Ao comentar o encerramento da campanha Março Azul Marinho, o deputado estadual Roberto Cidade (União Brasil), presidente da Assembleia Legislativa do Amazonas (Aleam), destacou a importância de iniciativas voltadas à conscientização sobre a doença. O parlamentar é autor da Lei nº 6.053/2022, que incluiu a campanha no calendário oficial do Estado.
“Este ano, o Inca divulgou um estudo que coloca o câncer colorretal como um dos mais incidentes entre homens e mulheres do Norte do país, por isso é fundamental que cada vez mais a gente possa conscientizar as pessoas sobre as formas de identificação da doença e, mais do que isso, como fazer para prevenir a ocorrência de casos. São aspectos que podemos melhorar no nosso dia a dia e a nossa lei busca reforçar essas iniciativas”, afirmou Cidade.
Entre os homens, o câncer colorretal perde apenas para os tumores de próstata, pulmão, estômago e cavidade oral.
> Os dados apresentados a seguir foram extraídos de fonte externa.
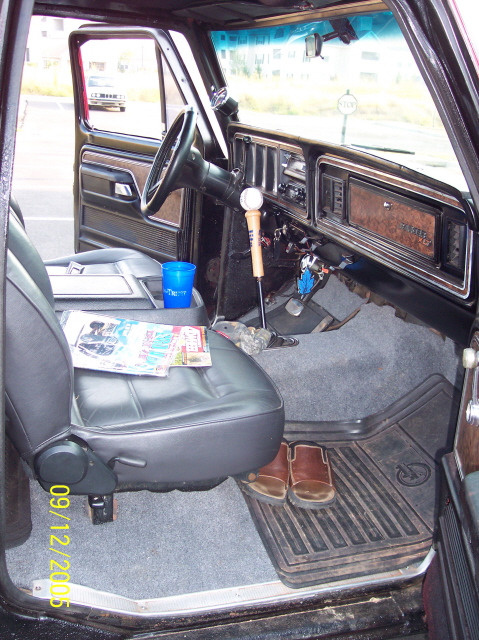1979 Ford Bronco - Interior of a classic Ford truck shot from the passenger side across a black vinyl bench seat, showing a woodgrain dash with rectangular ga…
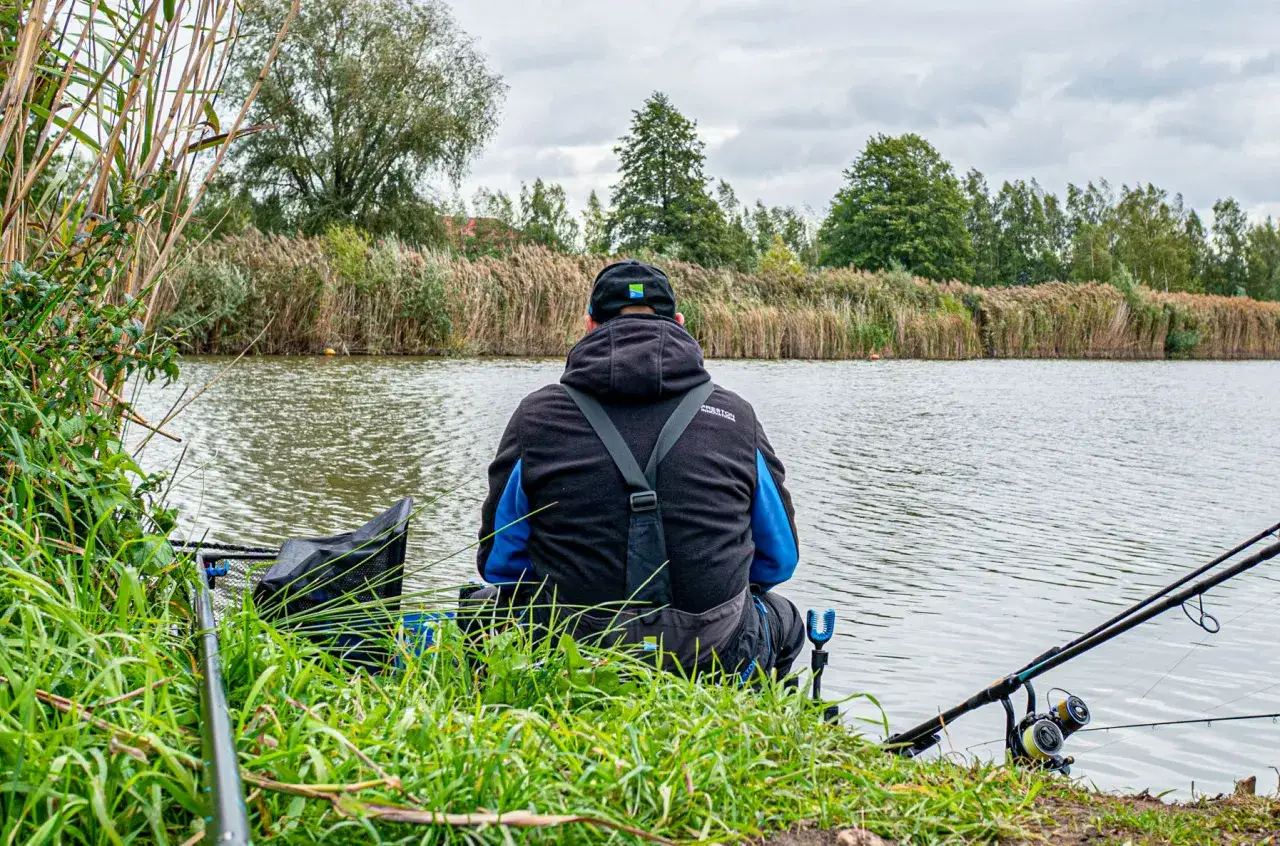 Wędkarz siedzi nad rzeką, przygotowując zanętę na rzekę feeder. W tle trzciny i drzewa.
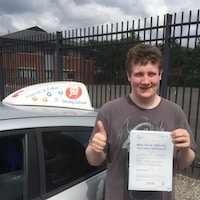 Adam Chandler Driving Test Pass – JSF Jim Adam Chandler giving a thumbs up next to the JSF Driving School car, with a smile, holding his practical driving test pass certificate
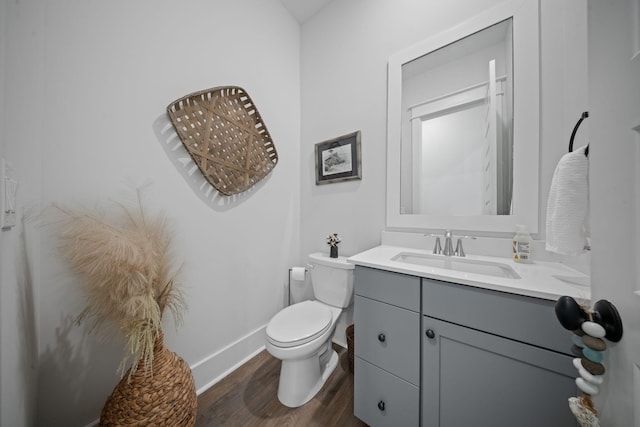 bathroom with vanity, toilet, wood finished floors, and baseboards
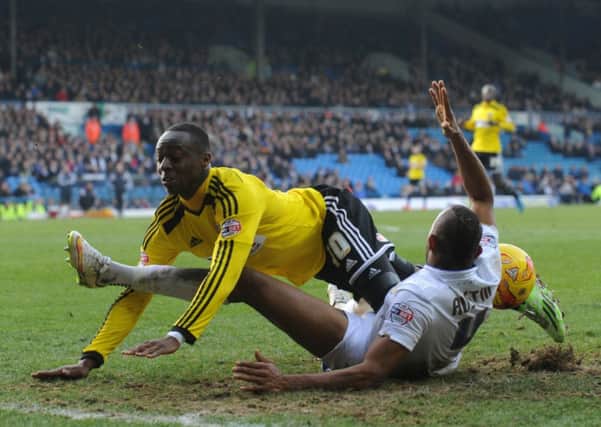 Rodolph Austin is taken down just in the penalty box by Mose Odubajo but no penalty was given by referee Graham Salisbury (Picture: Bruce Rollinson).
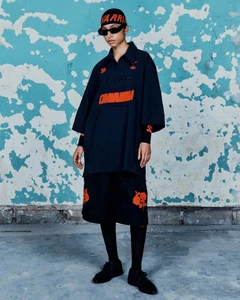 Model in oversized black Willy Chavarria polo, floral shorts, and headwrap standing against a peeling turquoise wall.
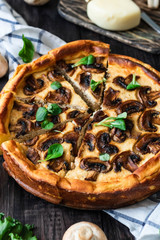 Jellied pie with meat and mushrooms on potato dough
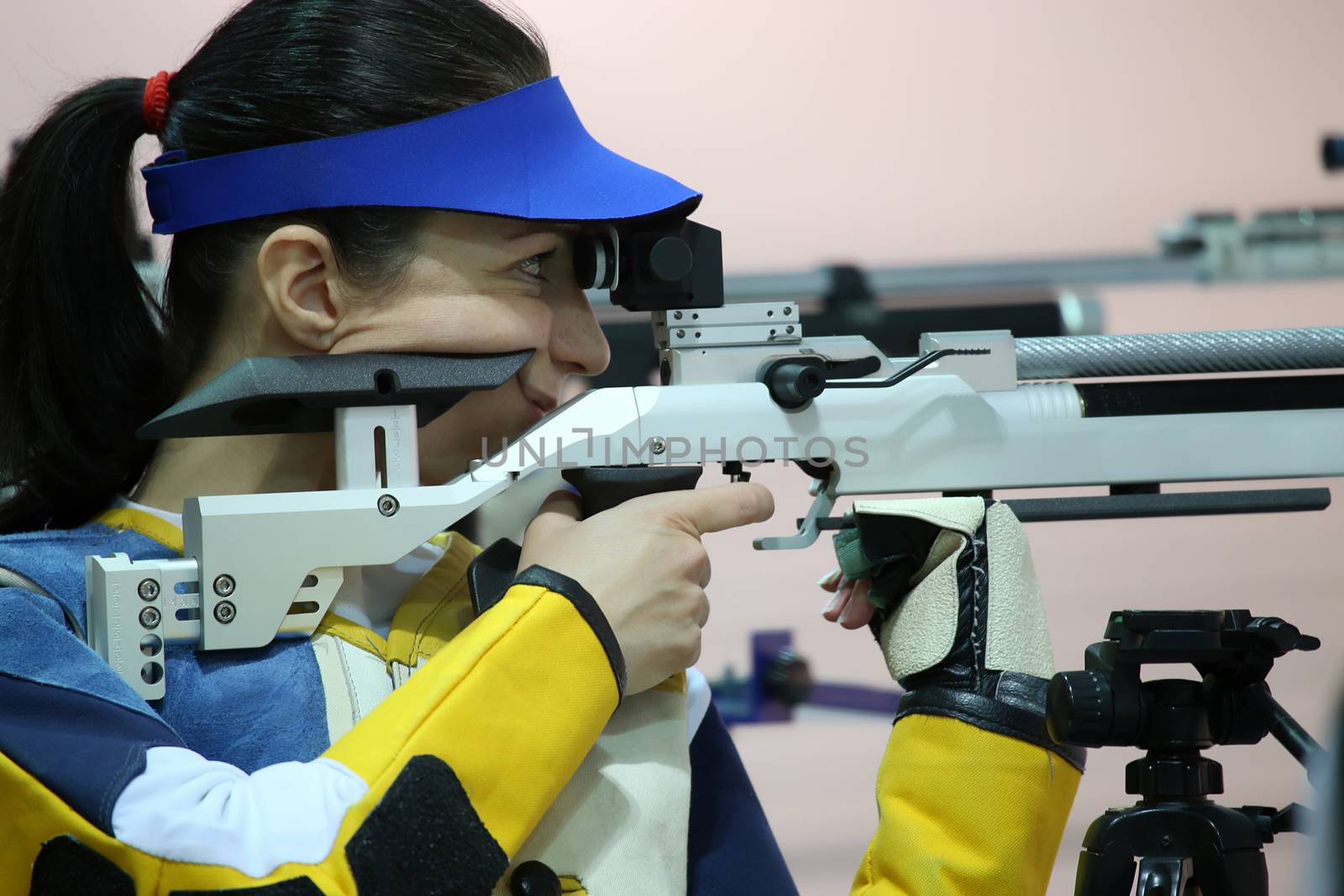 beautiful young woman aiming a pneumatic air rifle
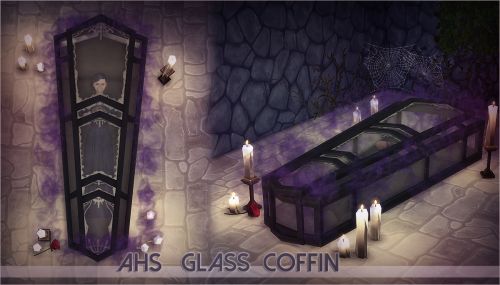 the glass coffin is surrounded by candles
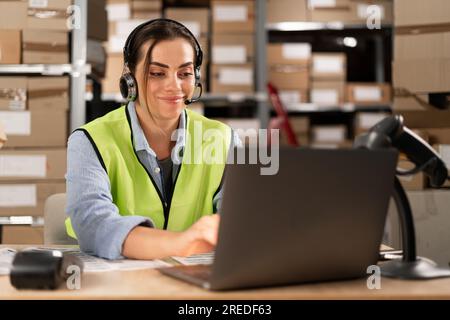 Porträt eines lächelnden Lagerpersonals, das einem Kunden mit einem Headset zuhört und mit ihm spricht, während er in einem Vertriebslager arbeitet. Weiblicher Anruf Stockfoto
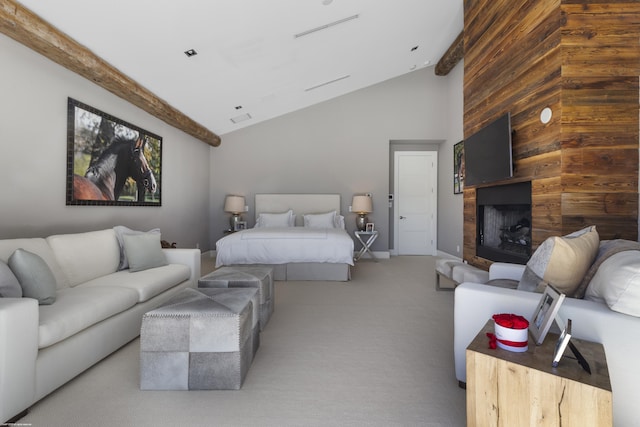 bedroom with high vaulted ceiling, wooden walls, carpet floors, a large fireplace, and baseboards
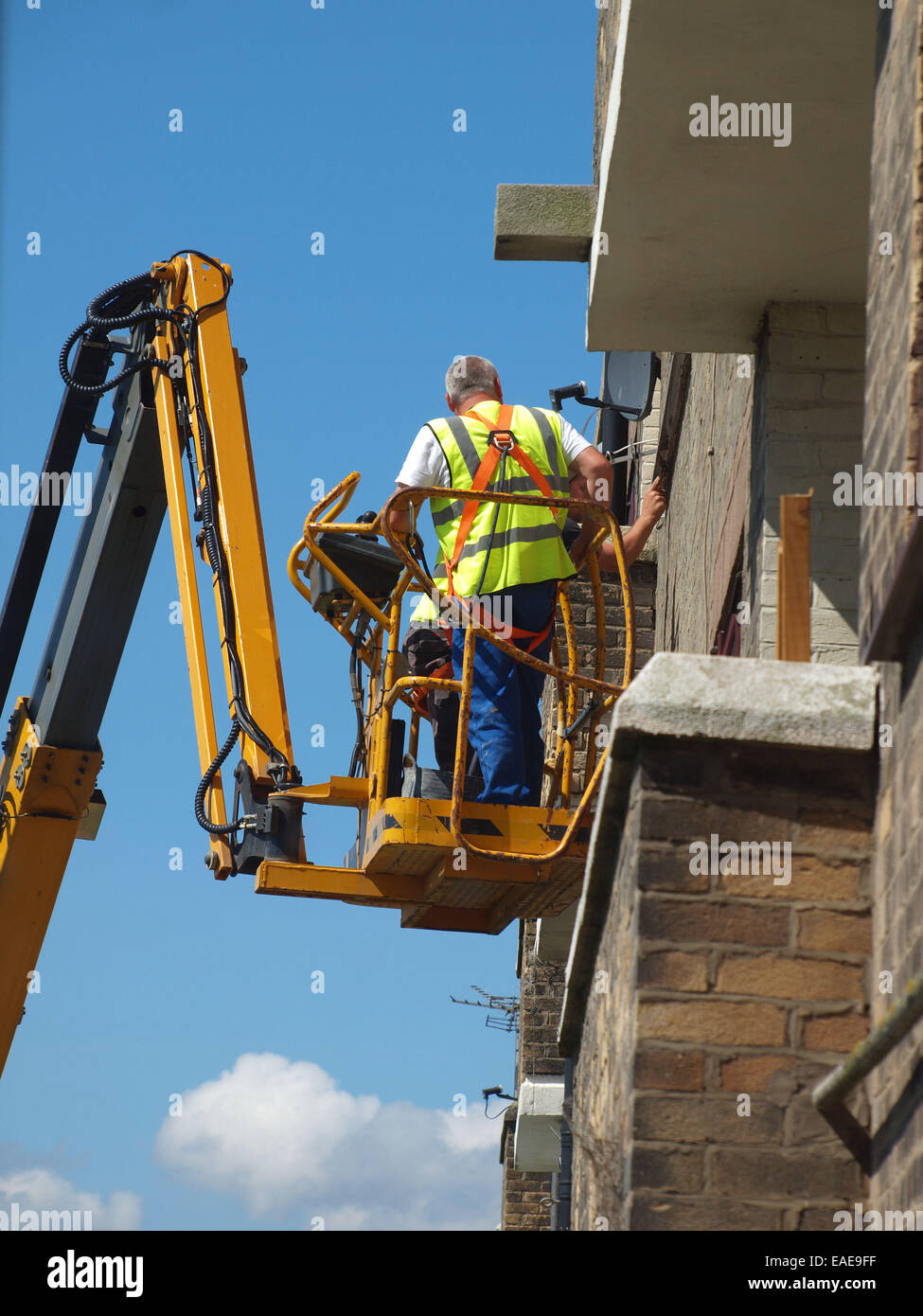 Handwerker-Zement zeigen die Außenseite eines Gebäudes auf einer Hubarbeitsbühne Fahrzeug bequem näher an das Dach gehievt. Stockfoto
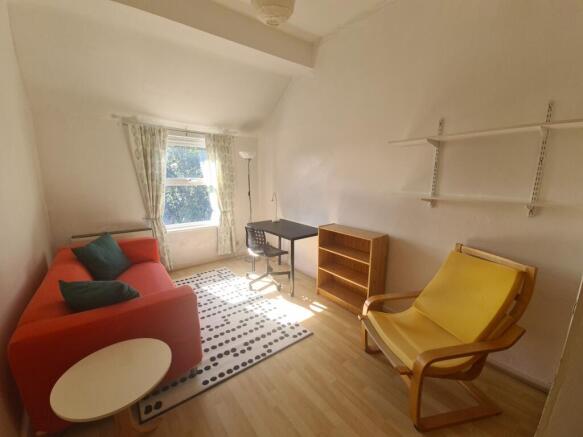 Bright and inviting living room featuring a com...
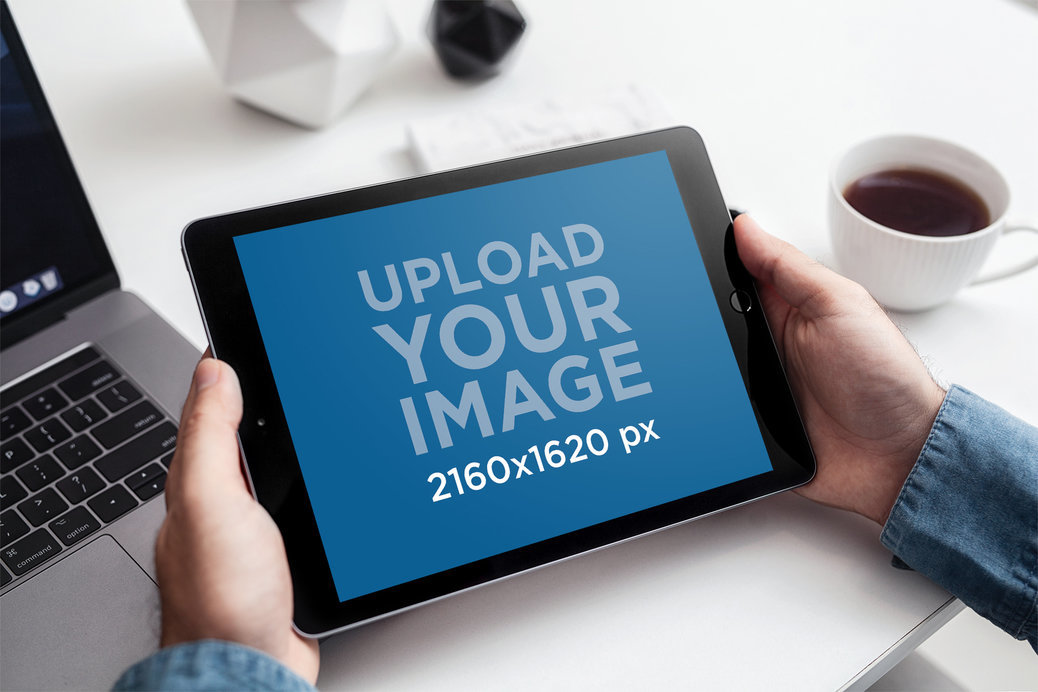 Mockup of a Man Holding an iPad While Drinking Coffee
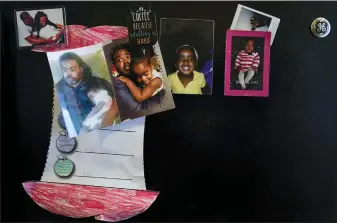  ?? ?? Left: Family photos of Danielle Mitchell and Rodney Chiles and their daughter, Brooklynn Chiles, decorate the kitchen refrigerat­or in their home in Washington. Rodney died of COVID-19last year.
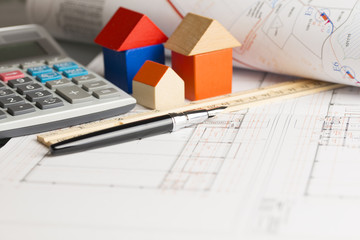 New house plan or project, with ruler, pen and miniature house from wooden blocks 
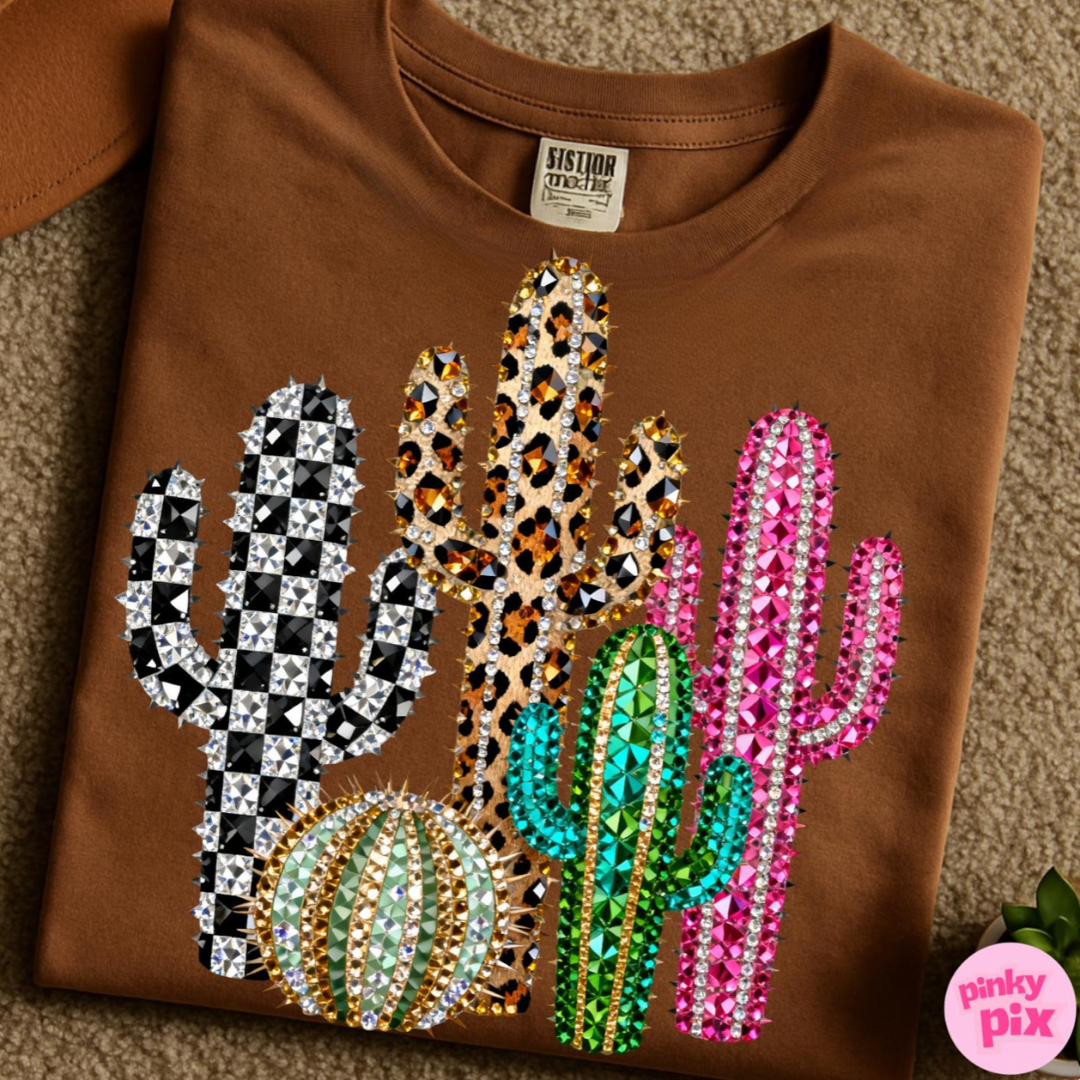 Saddle brown graphic tee featuring colorful cactus designs with checkered, leopard, pink, and crystal-inspired details.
Já entre as mulheres, está atrás apenas dos cânceres de mama, colo do útero, pulmão e tireoide.
A legislação prevê a realização de campanhas informativas e ações preventivas ao longo do mês de março, alinhadas à mobilização nacional conduzida pelo Ministério da Saúde, em parceria com a Sociedade Brasileira de Coloproctologia (SBCP), inspirada por iniciativas da Organização Mundial da Saúde.
O câncer colorretal atinge o intestino grosso, incluindo cólon, reto e ânus. Entre os principais sintomas estão diarreia ou constipação persistente, sensação de esvaziamento incompleto do intestino, presença de sangue nas fezes, dor abdominal, inchaço, cansaço constante e perda de peso sem causa aparente.